Nvidia GL_UNSIGNED_INT_10_10_10_2 endianess

Jwatte I agree that he shouldn’t get different result on two code paths, I said exactly this, I hope you don’t think I disagree on this? The key question is which code path is broken, as I said in my post? I was frankly surprised to see in the manual that unpacking was explixitly only at the component level so I was cautious in my remarks and even hinted that the spec may differ.

Now it looks like the manual disagrees with the spec since Evan kindly looked for us. And the swizzle should happen with the packed type before the components are separated.

Am I reading you correctly Evan? Is it clear that this means the packed type is swizzled not just the components?

This means that there are two bugs, one on the hardware path and one in the manual page. Or at the very least the manual page should be a little clearer.

I dislike some of these discussions about explicit endianness because people get confused over stuff that should be a non issue and start attributing reasons to the wrong stuff or making claims of explicit endianness for something or other.

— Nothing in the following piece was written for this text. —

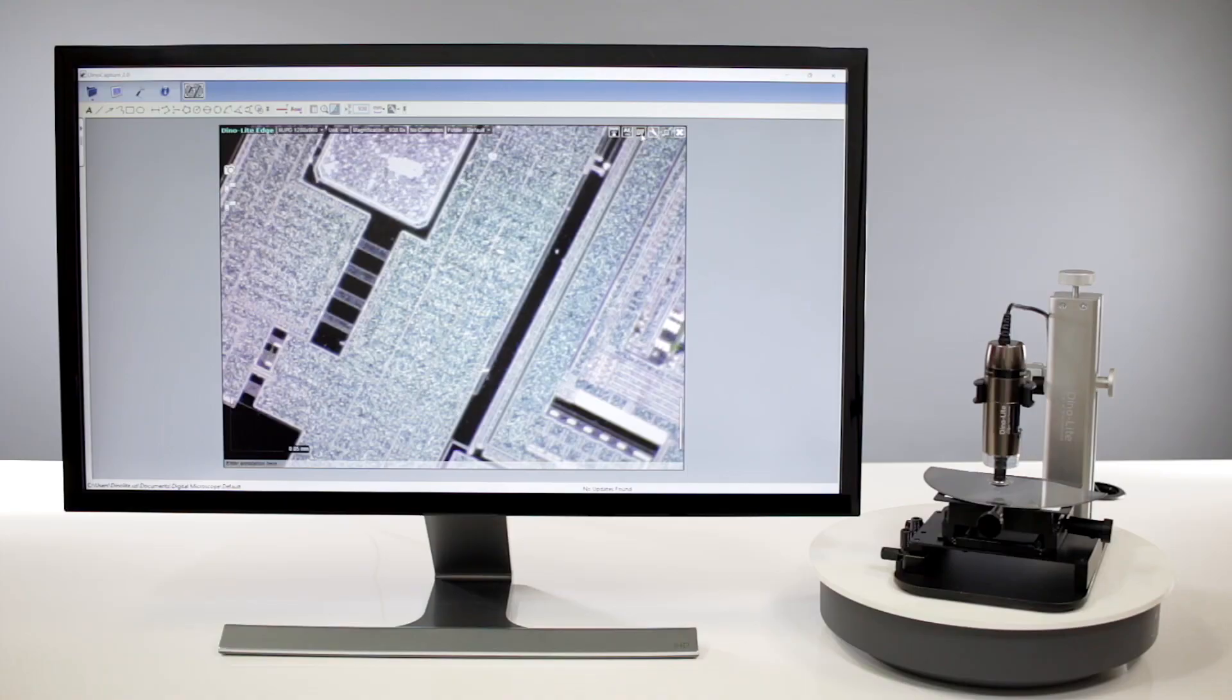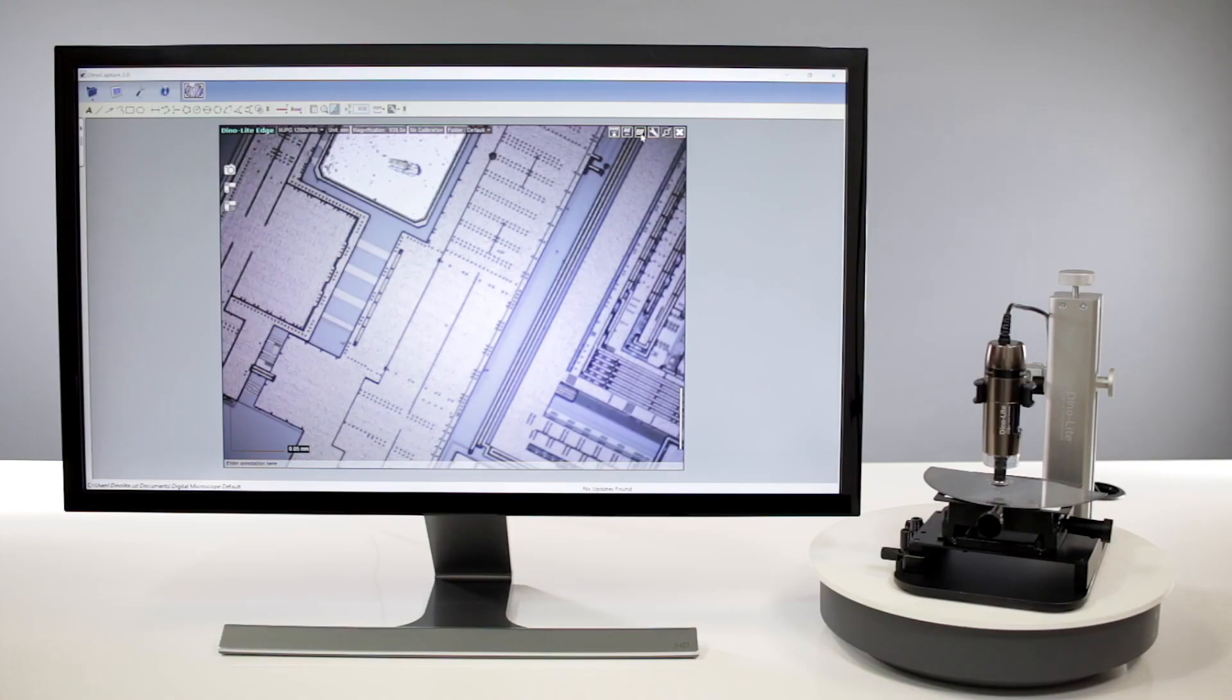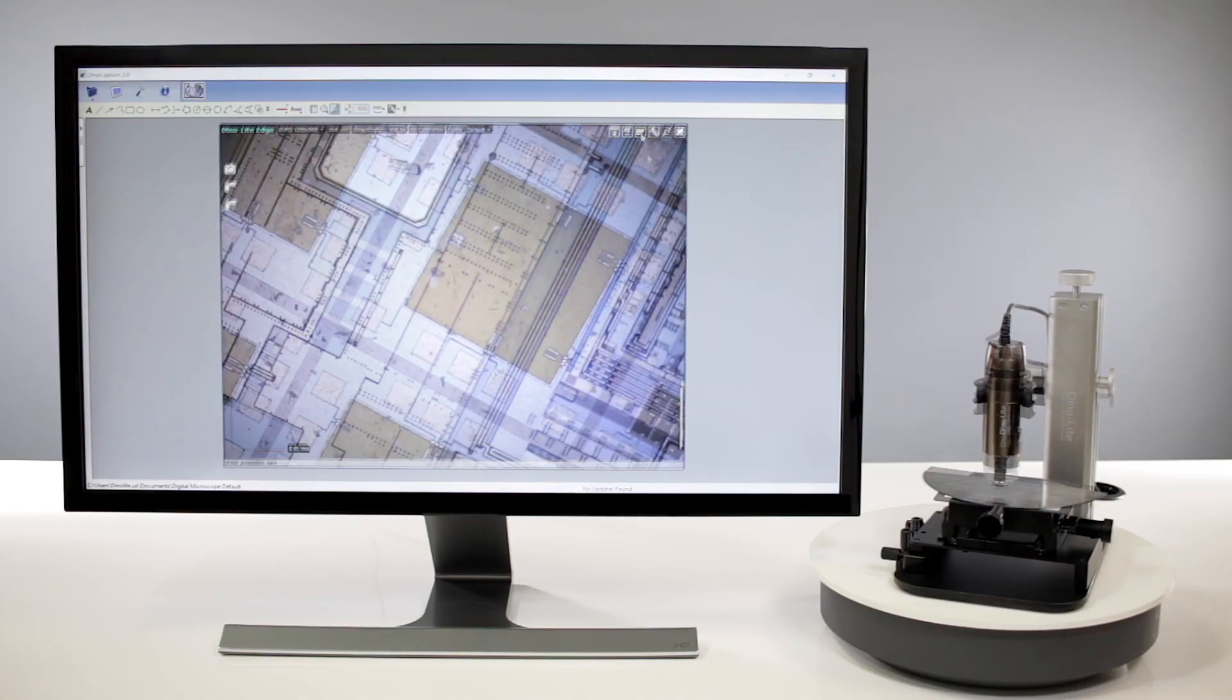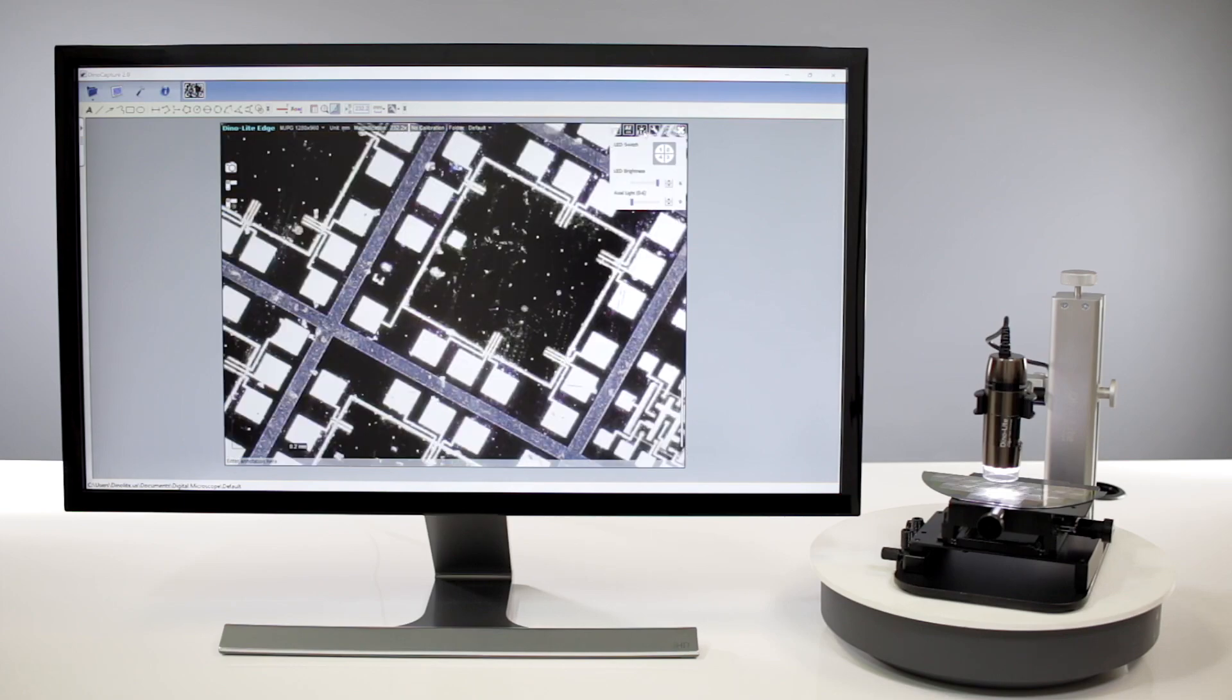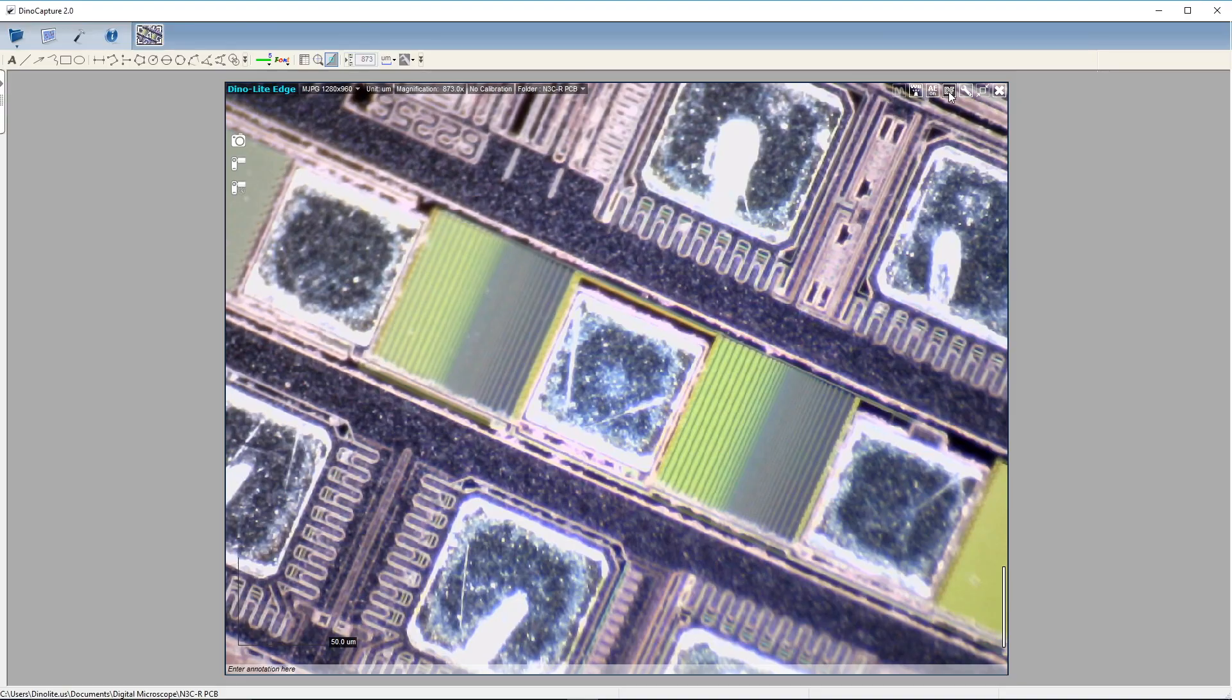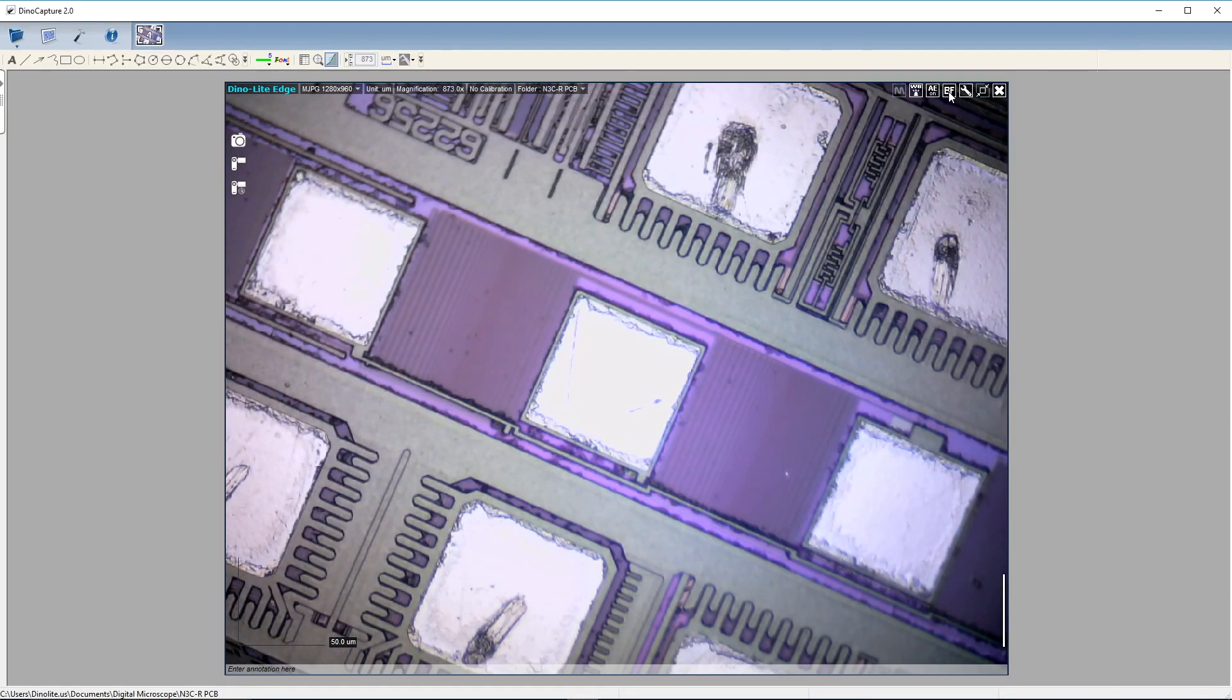By using coaxial lighting, you're able to see a drastic change in viewable details on the surface of these viewing objects.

Most of the confusion over endian issues arises from this kind of loaded misleading discussion and I never seem to have trouble with it personally. I’ve even written anonymous endian handling code that doesn’t care what the file endian is, it just knows if it is opposite or equal to the current system and handles it. It doesn’t even know what the native endianness is. The only time you’d ever care would be a wreckless cast from int to byte for example.

0x000000FF is always your low order byte reguardless of the endianness of your system. Only *((char *)foo + 3) is system dependent.

For me it seems clear that a 10_10_10_2 format should produce the two bits of alpha in the 2 LSB of the format. Just as 0x00000003 masks the low order bits. There is no endianness dependency to this, it is clear and unambiguous. It is NOT system dependent and it says nothing about endianness. The location of the LSB in a cast byte stream is system dependent, but good code should either not care or at least be absolutely clear on the reason for casting and the effects.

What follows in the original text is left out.